Within the records below is a range that opens at the line with "Patio Produce (eBook): How" and closes at the line with "Ubuntu 22.04 Feature". Return that range word for word, both ends included, and only that range.
*** Opening of Task data ***
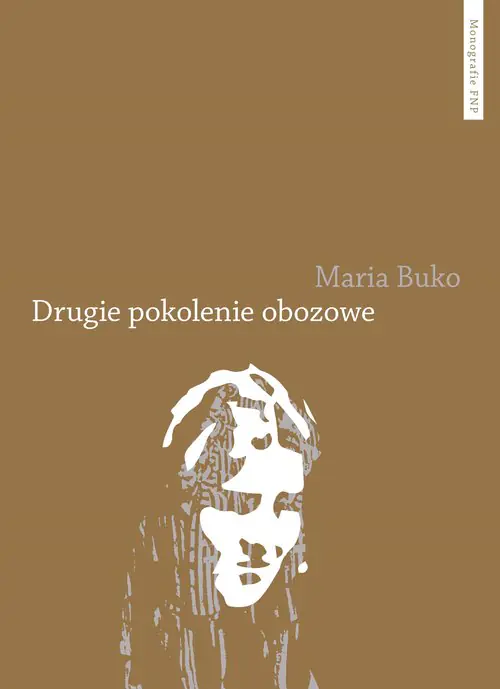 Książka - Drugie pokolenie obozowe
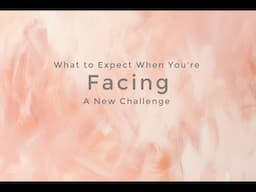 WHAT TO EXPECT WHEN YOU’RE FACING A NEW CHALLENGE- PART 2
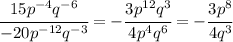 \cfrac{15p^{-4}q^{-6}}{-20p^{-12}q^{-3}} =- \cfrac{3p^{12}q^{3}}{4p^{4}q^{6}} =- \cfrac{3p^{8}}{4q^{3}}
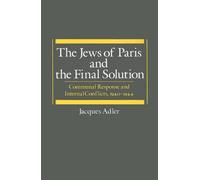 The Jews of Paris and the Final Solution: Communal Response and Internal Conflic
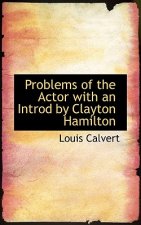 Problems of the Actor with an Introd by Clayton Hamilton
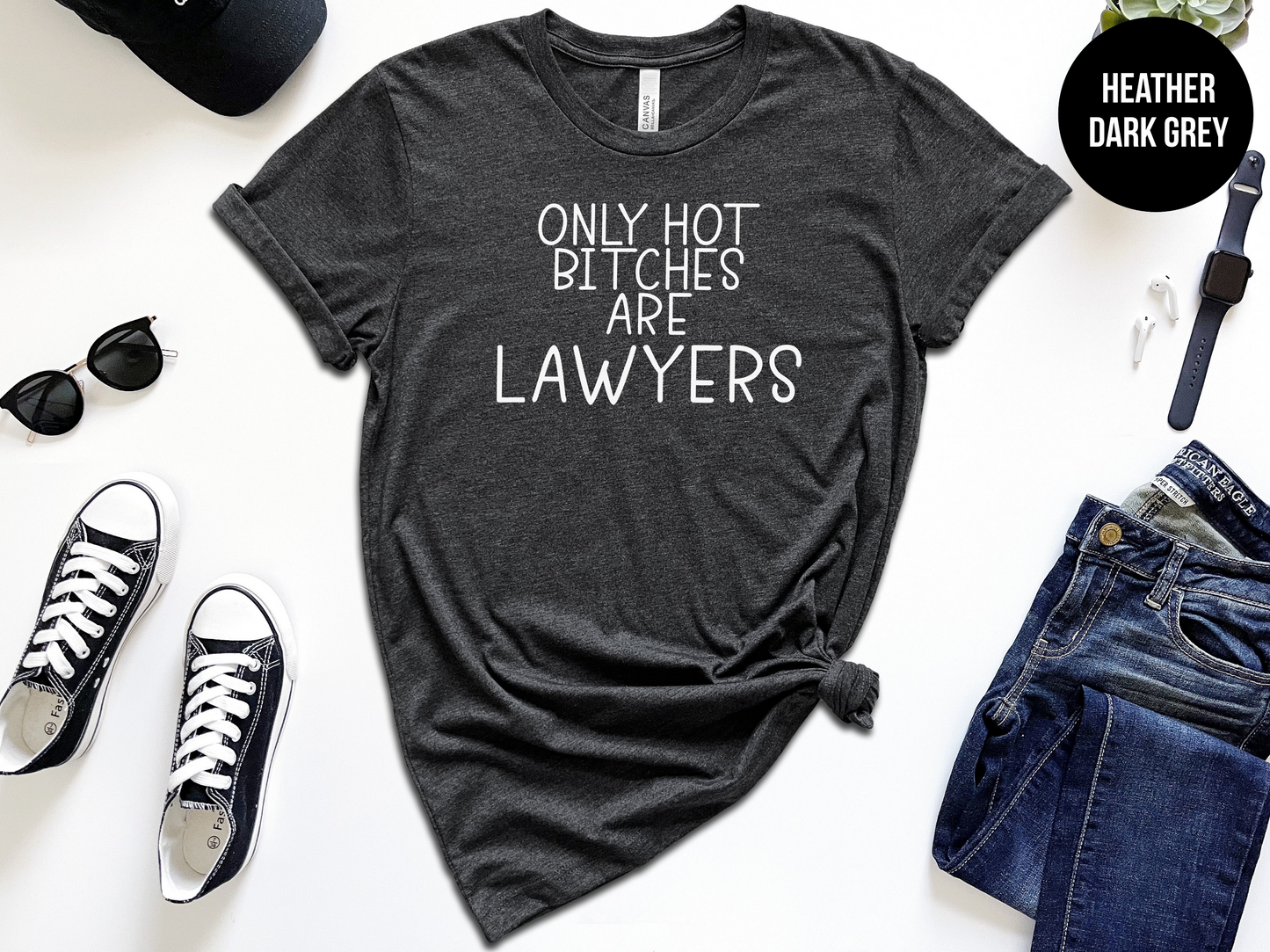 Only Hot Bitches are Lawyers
*** Close of Task data ***
*** Opening of Task data ***
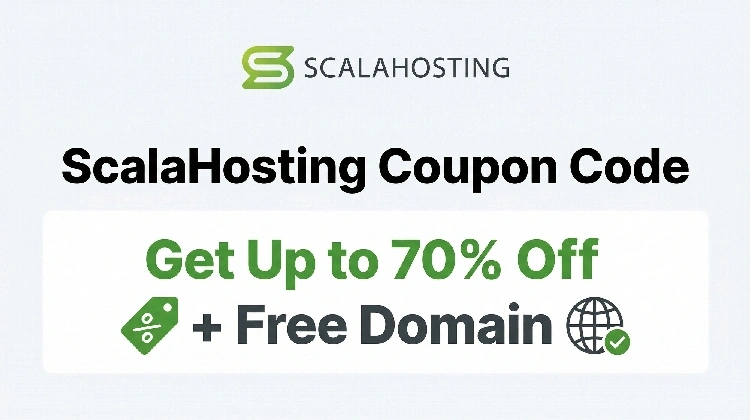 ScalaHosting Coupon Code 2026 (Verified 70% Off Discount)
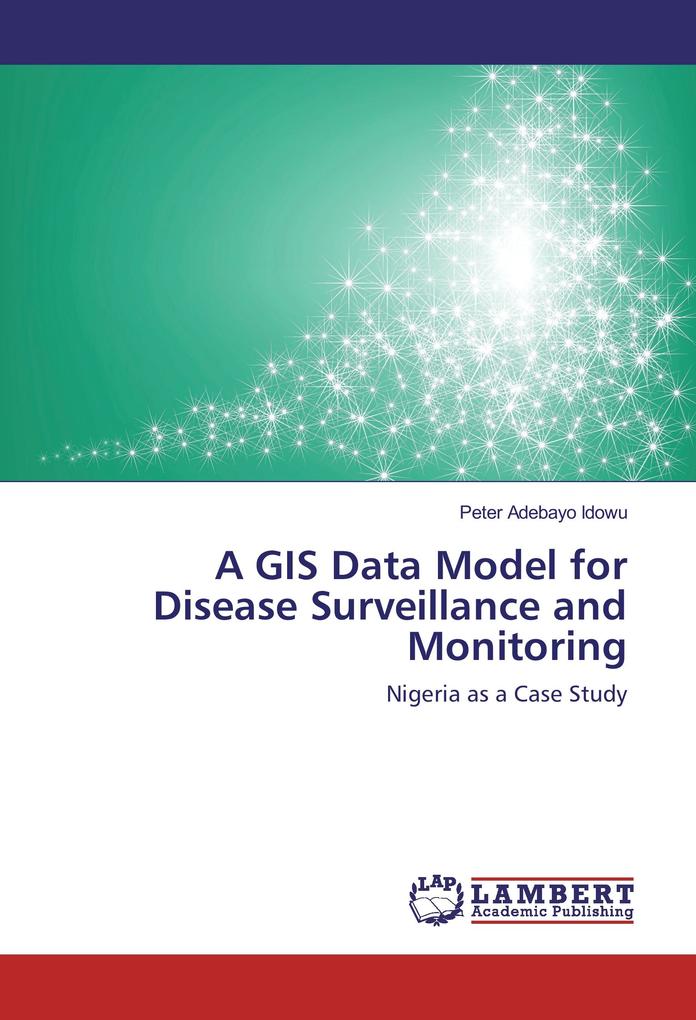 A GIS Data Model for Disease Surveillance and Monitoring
*** Close of Task data ***
*** Opening of Task data ***
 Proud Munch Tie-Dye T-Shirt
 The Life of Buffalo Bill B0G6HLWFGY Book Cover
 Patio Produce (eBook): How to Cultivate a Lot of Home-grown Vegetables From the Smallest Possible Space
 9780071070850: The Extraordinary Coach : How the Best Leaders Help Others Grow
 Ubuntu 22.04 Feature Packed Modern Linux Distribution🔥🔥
*** Close of Task data ***
== Answer ==
 Patio Produce (eBook): How to Cultivate a Lot of Home-grown Vegetables From the Smallest Possible Space
 9780071070850: The Extraordinary Coach : How the Best Leaders Help Others Grow
 Ubuntu 22.04 Feature Packed Modern Linux Distribution🔥🔥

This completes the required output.